[Task details] What is needed is an exact repeat of the lines from the one holding "this 1000×625 image." through the final line of the data, with no pictures.

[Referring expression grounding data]
-.-.-

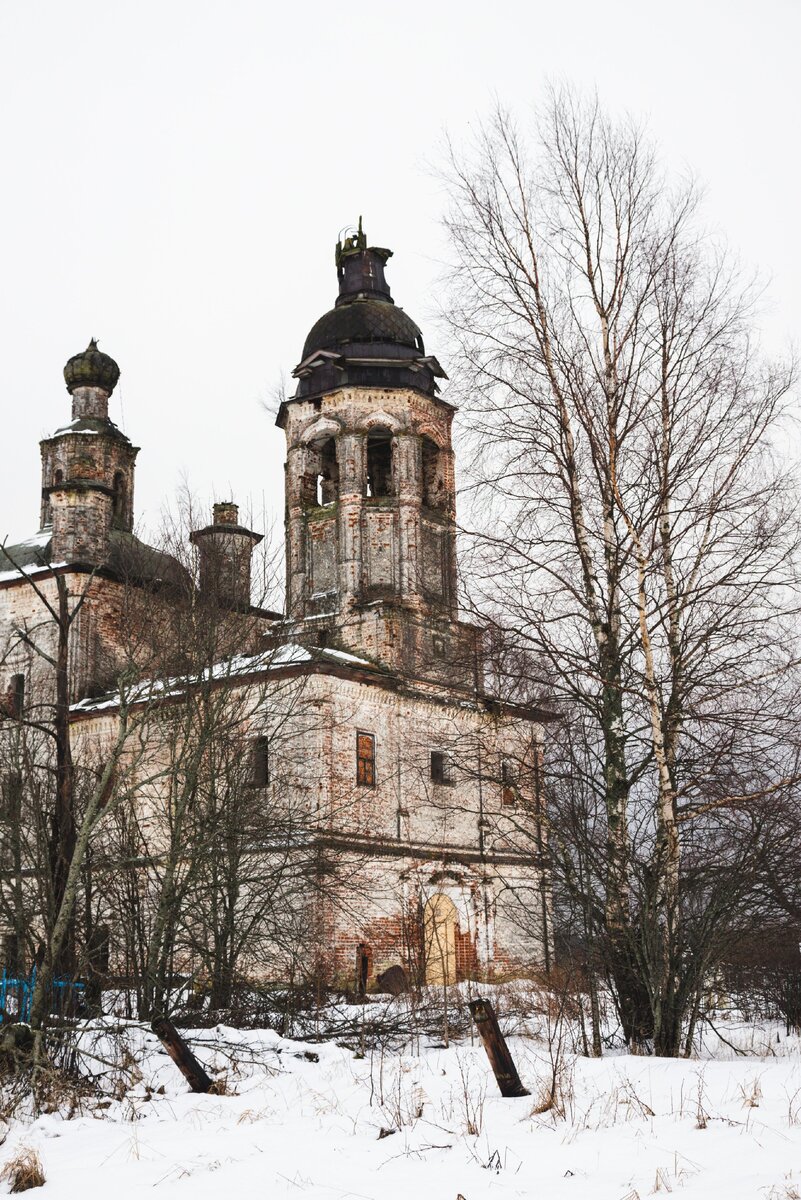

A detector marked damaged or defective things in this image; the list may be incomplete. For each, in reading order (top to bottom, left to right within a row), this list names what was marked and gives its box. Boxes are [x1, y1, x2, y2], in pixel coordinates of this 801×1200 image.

broken window [366, 426, 394, 496]
broken window [422, 436, 446, 510]
broken window [250, 732, 268, 788]
broken window [358, 732, 376, 788]
broken window [428, 752, 454, 788]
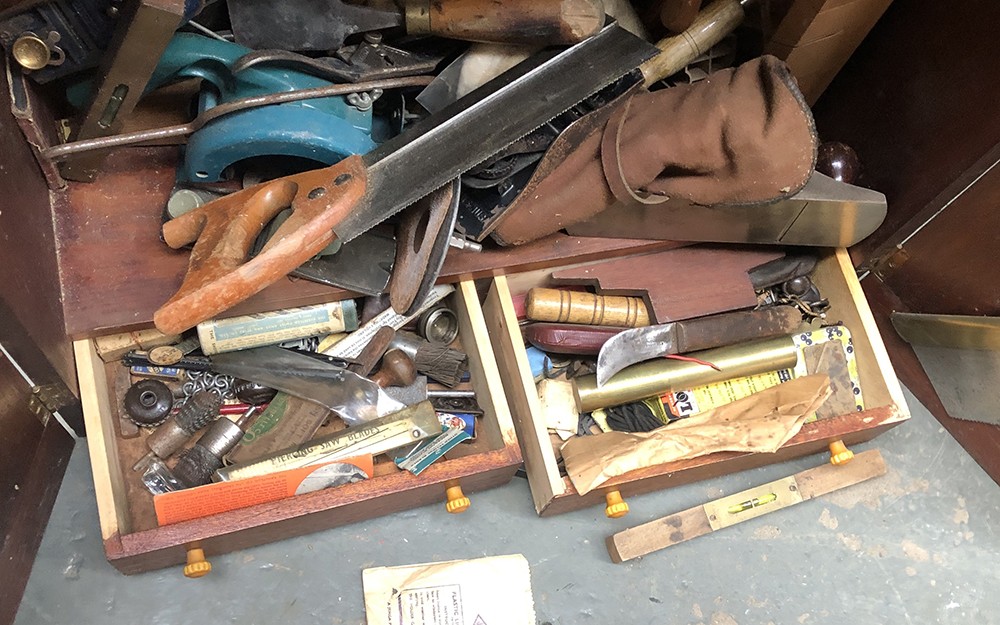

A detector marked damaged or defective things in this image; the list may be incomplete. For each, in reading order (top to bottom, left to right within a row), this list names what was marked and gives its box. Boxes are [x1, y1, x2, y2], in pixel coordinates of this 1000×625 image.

rusty metal tool [227, 0, 600, 51]
rusty metal tool [154, 23, 656, 336]
rusty metal tool [592, 306, 804, 386]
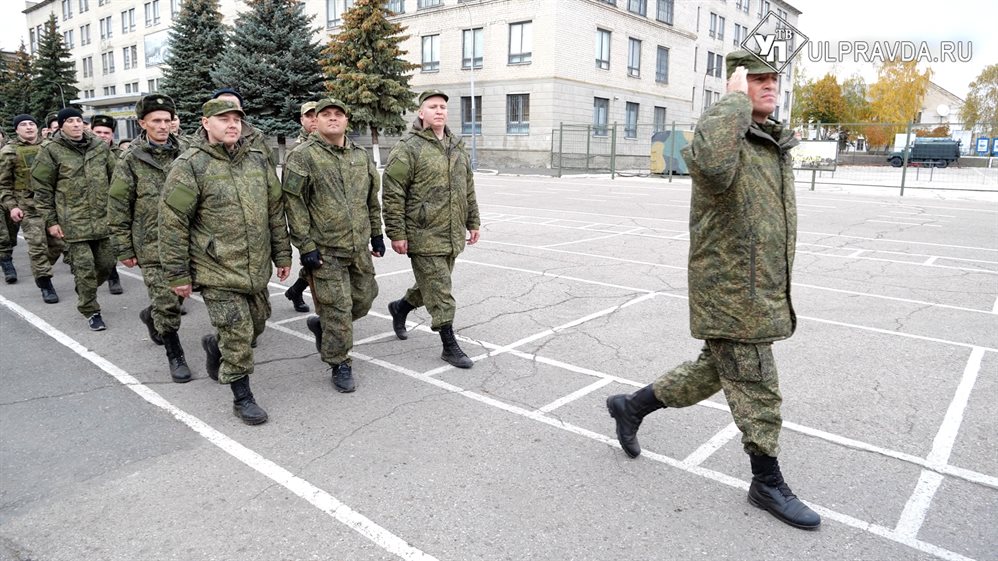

-.-.-

[Expected output]
A detector marked damaged or defective things in this image; the list may be incomplete. For each, in reading order (top to bottom, left to right within a row), this list names what was marked and gives its box. Boxes are [x1, y1, x2, y2], in pixel coordinates of this 1000×625 image.

rusty metal tool [227, 0, 600, 51]
rusty metal tool [154, 23, 656, 336]
rusty metal tool [592, 306, 804, 386]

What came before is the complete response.